Son
dos personajes famosísimos. Uno de la historia, otro de la literatura.
Contemporáneos. Muchos siglos antes de Cristo. Abrahán y Ulises. En el
fondo, dos modos de vivir.
Ulises representa la lucha. Este héroe griego tuvo que batallar contra
miles de dificultades. Puso en juego toda su fuerza, y consiguió
sobrevivir a innumerables peligros: los maléficos cantos de las sirenas,
la enconada lucha con Polifemo... Ulises peleaba por recuperar a su
esposa y a Telémaco, su hijo. Ulises es fuerte y astuto, así que no se
deja vender fácilmente: sabe que puede triunfar sobre dioses y hombres.
Es poderoso y valiente.
Sin embargo, toda su fuerza no le sirvió para vencer a su trágico
destino. La historia de Ulises está llena de confusión, muerte, sin
sentido y vacío.
Mientras que Ulises es un personaje de la literatura griega, Abrahán es
una figura histórica, que vivió en Ur de Caldea y acabó por ser padre de
un pueblo numeroso como las estrellas del cielo: Israel.
Abrahán no representa la fuerza, como Ulises, sino la capacidad de
escucha.

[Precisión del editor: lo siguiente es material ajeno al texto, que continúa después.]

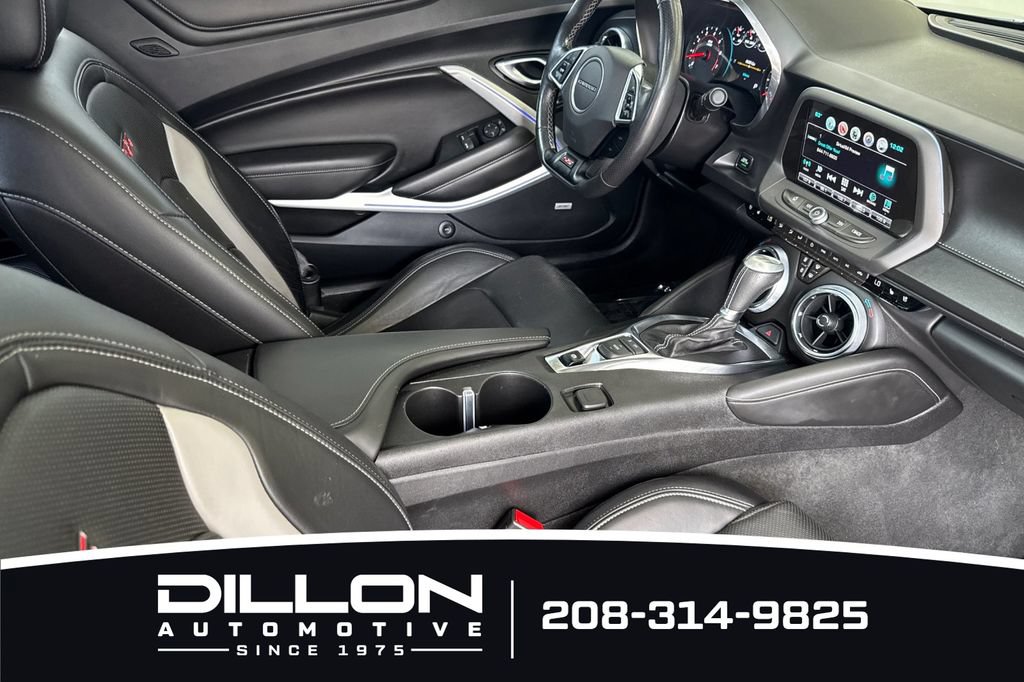 Used 2018 Chevrolet Camaro SS RWD image 17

Abrahán supo escuchar. Un día oyó en su corazón la llamada de
Dios que le mandaba salir de su tierra para caminar hacia otro lugar que
Dios le daría: Abram,
Abram, vete de tu tierra y de tu patria, de la casa de tu padre, a la
tierra que yo te mostraré. De ti haré una nación grande y te bendeciré... (cfr. Gn12, 1-2).
La vida de Abrahán no se fundamentó sobre la fuerza y el amor propio,
sino sobre la experiencia de una voz interior e imperiosa que le llamó.
Abrahán se fió de Dios y de su llamada, que resonaba en el fondo de su
alma y le reclamaba una obediencia total. Mucho antes que mis propios pensamientos –pensaría Abrahán–, mucho antes que mis propias decisiones, está Dios mismo llamando a una filial obediencia.